(PROBLEM DESCRIPTION):
Leave the pictures in the listing below aside and reproduce exactly the lines starting with the one with "Angled view of" and going on through the one with "Upward-looking architectural detail", both ends included.

(RECORD EXTRACTS):
------
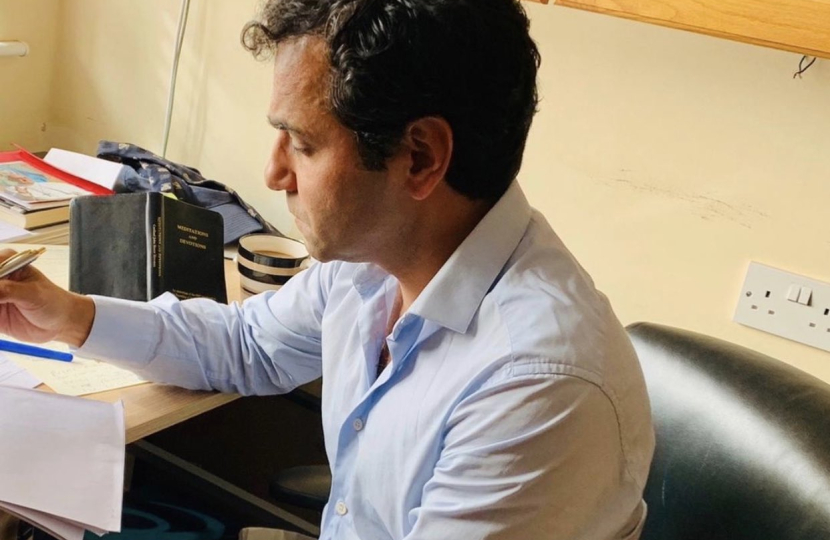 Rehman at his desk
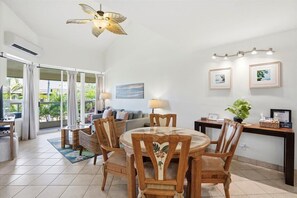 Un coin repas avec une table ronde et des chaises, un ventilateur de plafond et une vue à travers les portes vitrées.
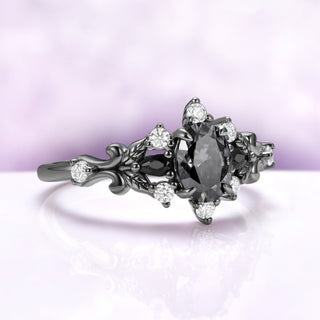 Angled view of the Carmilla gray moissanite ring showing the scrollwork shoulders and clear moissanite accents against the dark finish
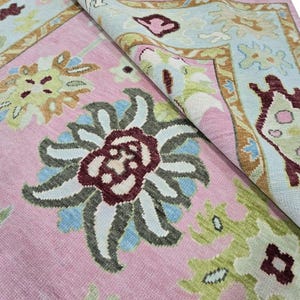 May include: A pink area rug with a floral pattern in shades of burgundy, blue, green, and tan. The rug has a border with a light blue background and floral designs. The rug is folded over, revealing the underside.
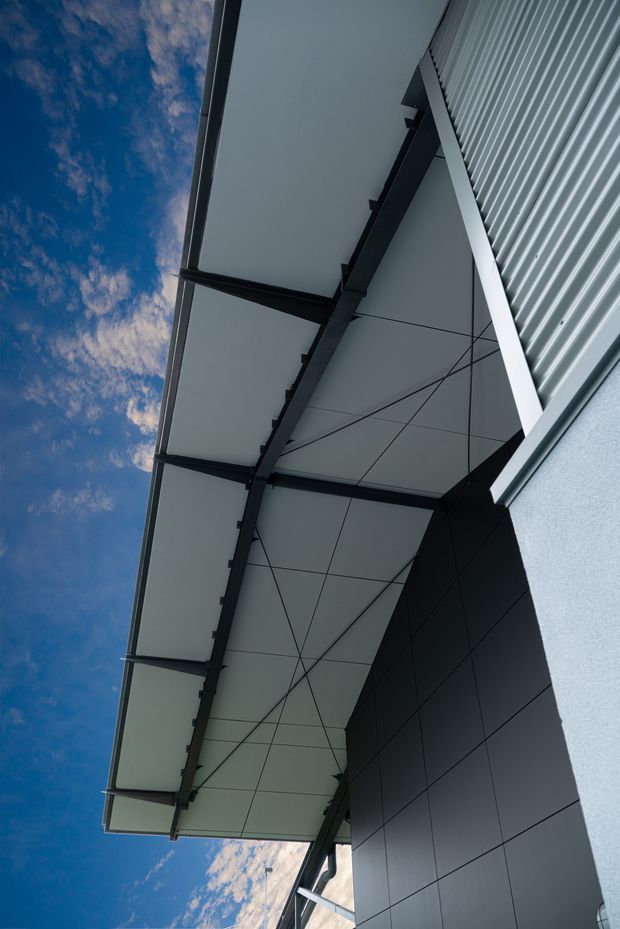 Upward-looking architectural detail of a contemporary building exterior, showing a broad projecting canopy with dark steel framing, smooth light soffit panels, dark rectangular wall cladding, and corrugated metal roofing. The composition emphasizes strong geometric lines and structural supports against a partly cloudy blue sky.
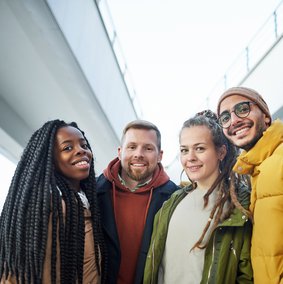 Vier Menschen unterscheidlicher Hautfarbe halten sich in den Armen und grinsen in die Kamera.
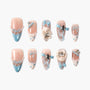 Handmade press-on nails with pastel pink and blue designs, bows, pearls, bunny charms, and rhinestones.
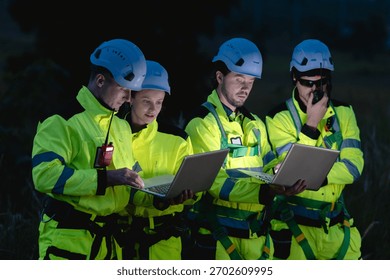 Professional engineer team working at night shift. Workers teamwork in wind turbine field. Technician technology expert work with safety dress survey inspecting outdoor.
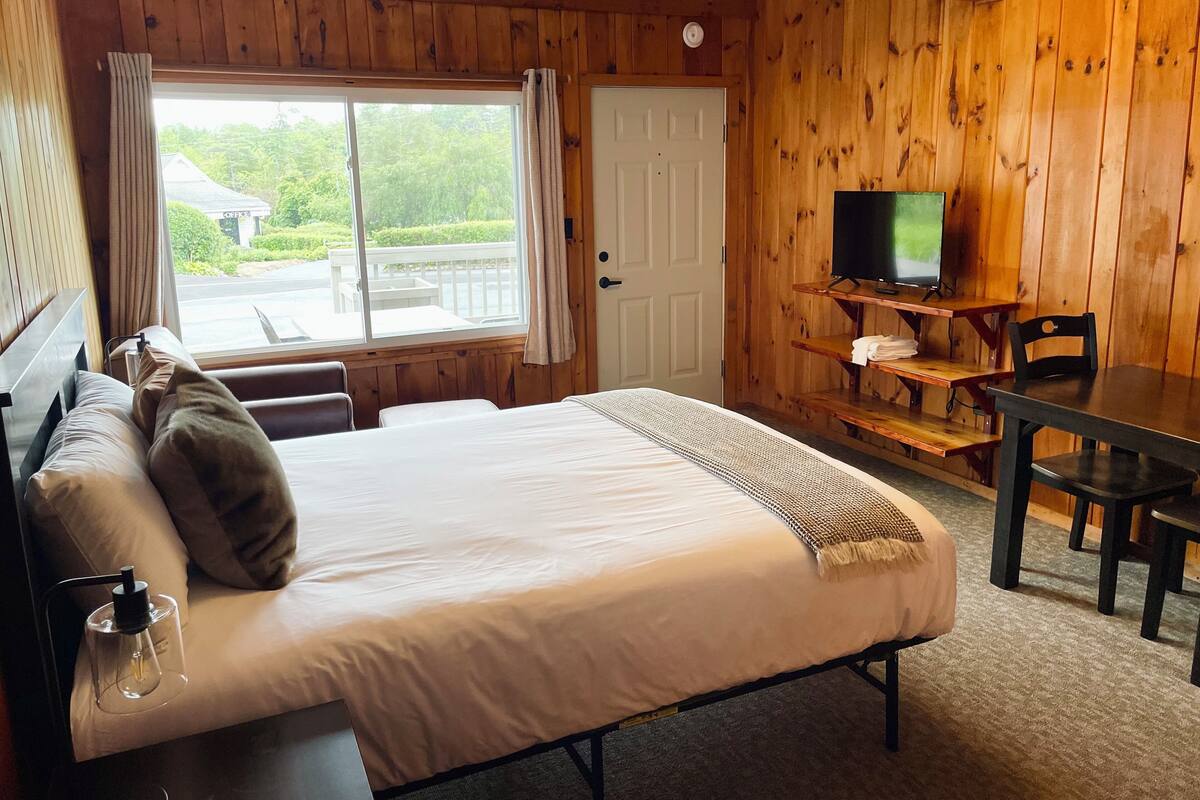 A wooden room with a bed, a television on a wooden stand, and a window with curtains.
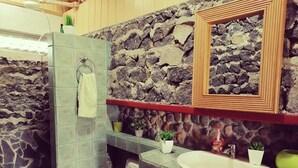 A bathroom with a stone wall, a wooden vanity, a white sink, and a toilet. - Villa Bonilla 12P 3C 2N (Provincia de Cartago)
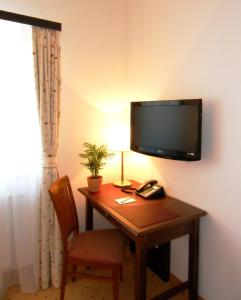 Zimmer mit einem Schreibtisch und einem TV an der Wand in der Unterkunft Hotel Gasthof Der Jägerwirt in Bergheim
------
(EXPECTED ANSWER):
 Angled view of the Carmilla gray moissanite ring showing the scrollwork shoulders and clear moissanite accents against the dark finish
 May include: A pink area rug with a floral pattern in shades of burgundy, blue, green, and tan. The rug has a border with a light blue background and floral designs. The rug is folded over, revealing the underside.
 Upward-looking architectural detail of a contemporary building exterior, showing a broad projecting canopy with dark steel framing, smooth light soffit panels, dark rectangular wall cladding, and corrugated metal roofing. The composition emphasizes strong geometric lines and structural supports against a partly cloudy blue sky.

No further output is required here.